Sink failures are caught and logged but never disrupt run execution.
FindingsStore¶
Mirrors the EngagementStore / PilotStore patterns:
class FindingsStore:
def list(engagement_id, findings_key) -> list[Finding]
def get(engagement_id, findings_key, finding_id) -> Finding | None
def add_batch(engagement_id, findings_key, findings) -> None
def replace_all(engagement_id, findings_key, findings) -> None
def update_status(engagement_id, findings_key, finding_id, status,
*, auditor_notes="") -> Finding
def counts(engagement_id, findings_key) -> dict
def invalidate(engagement_id=None) -> None
- One JSON object per engagement at
engagement.findings_key(=auditforge/engagements/{engagement_id}/findings.json) - Lazy load: in-memory cache → local file → S3 → empty
- Save: local file first, then best-effort S3 upload
counts()aggregates by status + severity for the engagement's summary record
Public API¶
async def run_audit(
engagement: AuditEngagement,
intake: IntakeData,
*,
client_id: str,
llm: LLMClient,
retriever: Retriever,
engagement_store: EngagementStore,
findings_store: FindingsStore,
progress: ProgressSink | None = None,
embedder: Embedder | None = None,
max_iterations: int = 3,
convergence_min_new_findings: int = 3,
convergence_budget_pct: float = 0.85,
output_dir: str | None = None,
) -> AuditResult
output_dir flows through to Stage G; if provided, deliverable artifacts
write to {output_dir}/{engagement.id}.{json,md}.
Test coverage¶
| Area | Cases |
|---|---|
_should_continue (pure) |
5 (max_iter, low-findings post-first, low-findings ignored on first, budget threshold, aborted) |
| Full pipeline end-to-end | 1 (profile → catalog → synth → validate → investigate → deepen → report; all stages fire; engagement transitions to FINDINGS_REVIEW) |
| No findings → still completes | 1 (deliverable still generated, state still advances) |
| Intake persistence | 1 (intake survives in EngagementStore after run) |
| Max iterations respected | 1 (loop bounded) |
| Profile failure | 1 (FAILED state, AuditResult.failed_at_stage populated) |
FindingsStore CRUD |
11 (round-trip, counts, persistence, invalidation, evidence/remediation roundtrip) |
All 21 cases passing. Full suite: 402 pass, no regressions.
Cost shape¶
A complete audit invokes the runner once. End-to-end cost:
| Stage | Per-iteration cost | Iterations | Subtotal |
|---|---|---|---|
| A: Profile | ~$0.03 | 1 | $0.03 |
| B: Catalog | ~$0.19 | 3 | $0.57 |
| C: Synthesize | $0 | 3 | $0 |
| D: Validate | $0 | 3 | $0 |
| E: Investigate | ~$1.90 | 3 | $5.76 |
| F: Deepen | ~$0.25 | 3 | $0.75 |
| G: Report | ~$0.15 | 1 | $0.15 |
| Total | ~$7.30 |
At neutral tier mix, on an 80-question/round engagement.
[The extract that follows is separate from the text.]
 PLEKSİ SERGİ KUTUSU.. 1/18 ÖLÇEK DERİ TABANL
Known limits / future work¶
- No resume support yet. A crashed run loses progress. Engagement state transitions persist, but in-progress iteration state doesn't. Resume is a Phase 2 feature once we know the actual failure modes.
- No SSE plumbing yet. Runner emits events to a
ProgressSinkcallback; main.py needs an SSE endpoint that converts these to server-sent events. Lands when the REST surface is built. - Convergence is conservative. Default thresholds favor running more rounds. Real-corpus dogfooding will inform tuning.
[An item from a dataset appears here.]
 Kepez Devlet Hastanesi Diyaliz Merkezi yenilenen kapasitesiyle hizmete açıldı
- Stage G failure leaves no deliverable. Could fall back to a minimal text-only summary. v2 hardening.
- No per-iteration cost cap. A runaway iteration could consume most of the engagement budget before convergence kicks in. The Stage E budget governor catches it eventually but a per-iteration soft cap would be safer.